=== Section Start ===
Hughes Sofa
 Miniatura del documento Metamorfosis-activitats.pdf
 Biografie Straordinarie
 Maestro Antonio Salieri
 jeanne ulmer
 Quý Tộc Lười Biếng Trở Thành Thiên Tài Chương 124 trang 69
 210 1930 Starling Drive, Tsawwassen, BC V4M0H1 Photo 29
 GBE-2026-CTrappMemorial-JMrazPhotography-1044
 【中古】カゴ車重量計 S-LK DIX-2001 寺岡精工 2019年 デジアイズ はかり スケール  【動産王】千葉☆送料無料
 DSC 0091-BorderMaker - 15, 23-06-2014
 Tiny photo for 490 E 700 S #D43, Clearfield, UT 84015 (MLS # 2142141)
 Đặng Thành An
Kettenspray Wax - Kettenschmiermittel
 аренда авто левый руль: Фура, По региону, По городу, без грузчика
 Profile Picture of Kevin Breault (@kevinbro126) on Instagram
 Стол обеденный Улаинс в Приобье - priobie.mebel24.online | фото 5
=== Section End ===
=== What is being asked ===
Copy out only the lines of the records above from the one with "210 1930 Starling" through the one with "Kettenspray Wax - Kettenschmiermittel", exactly as they stand, both included.

=== Your response ===
 210 1930 Starling Drive, Tsawwassen, BC V4M0H1 Photo 29
 GBE-2026-CTrappMemorial-JMrazPhotography-1044
 【中古】カゴ車重量計 S-LK DIX-2001 寺岡精工 2019年 デジアイズ はかり スケール  【動産王】千葉☆送料無料
 DSC 0091-BorderMaker - 15, 23-06-2014
 Tiny photo for 490 E 700 S #D43, Clearfield, UT 84015 (MLS # 2142141)
 Đặng Thành An
Kettenspray Wax - Kettenschmiermittel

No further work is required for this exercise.